Monday, February 29, 2016

Starbucks


I’m out of control with Starbucks. In February I spent $286.20 on coffees. What a dumbass. That could be travel or tattoo money. I’m going to start making my own tea again at work. Maybe I’ll just have Starbucks on the weekends. Work was intense. I discovered we were working with corrupted data and so Barbara and I spent ten hours reconstructing our work. I feel bad because, as a result, I wasn’t there for Mary as I should have been. She’s dealing with quite a lot right now. I have an all day meeting tomorrow. Sleeping pills. Book. Sleep.

Jarek Kubicki

Sunday, February 28, 2016

Hoarse


Little Father Time hanged himself and the children today. Few chapters remain. It’s all come undone. There was no space for love like theirs. Is there now? Don’t ask me. I went walking for a couple hours this morning. I just got back from lunch. My voice has become hoarse from singing Five Years at the top of my lungs over and over while driving. My brain hurts a lot. I was thinking about how I touched my heart in public weeks ago and you noticed and touched yours in turn. I have no interpretation but I remember your eyes.

A Google search found this depiction of Sue Brideshead and Little Father Time.

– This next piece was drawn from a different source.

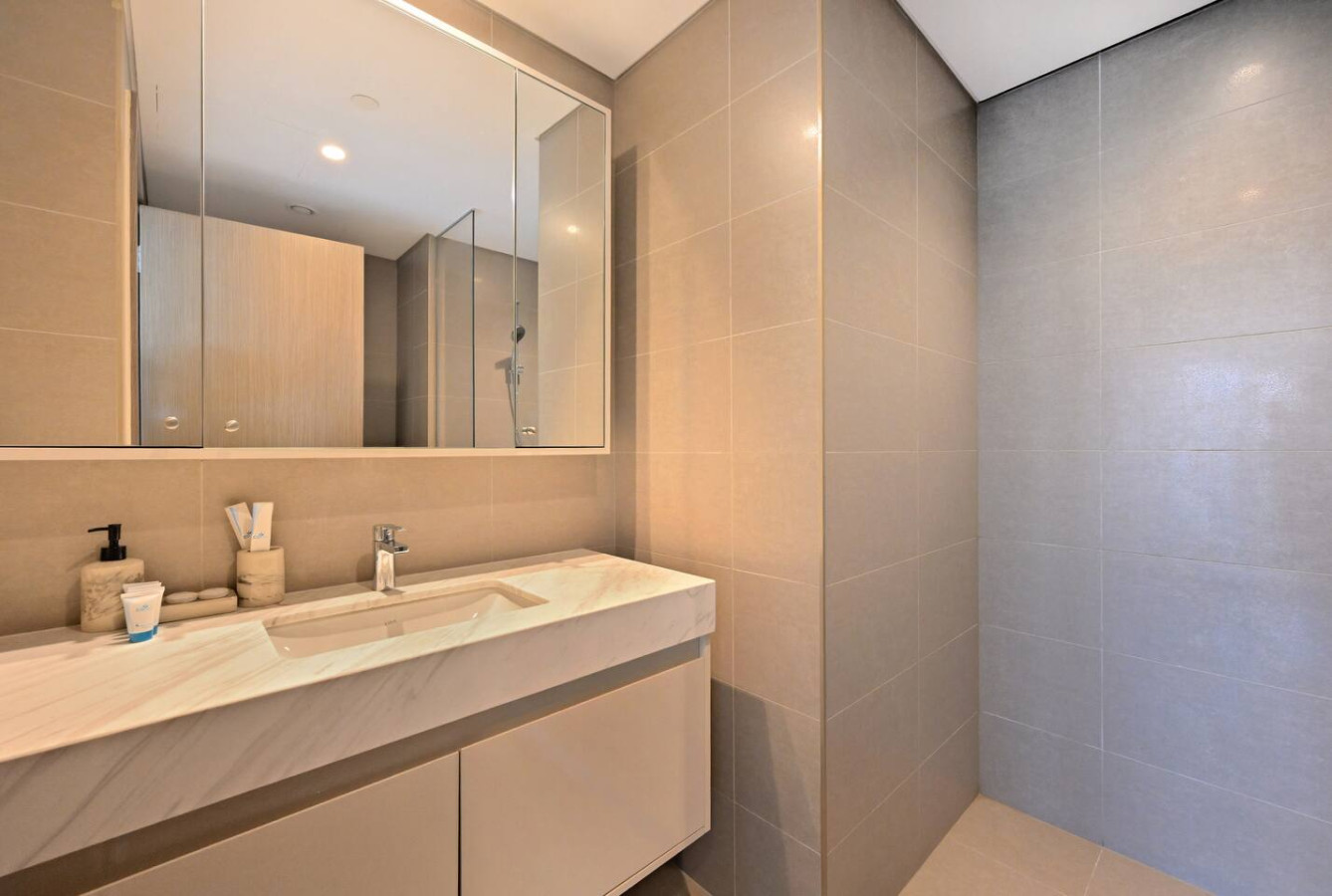 Stylish 2BR | 3 min walk to Dubai Mall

Saturday, February 27, 2016

Face


I’ve been reading Jude the Obscure and it’s making me very sad. For a while, in high school, it was my favorite book. But it reads much differently as an adult. I don’t have the same ideals as I once did. It’s making me face something I already know, which is most marriages are unhappy and devoid of passion. I’m going out tonight for the first time in over a month. Gallery opening. I’m hoping I will know no one there, unless it’s Stitches. Work emails (from my non-difficult job) have invaded my weekend. Stitches thinks my job is difficult.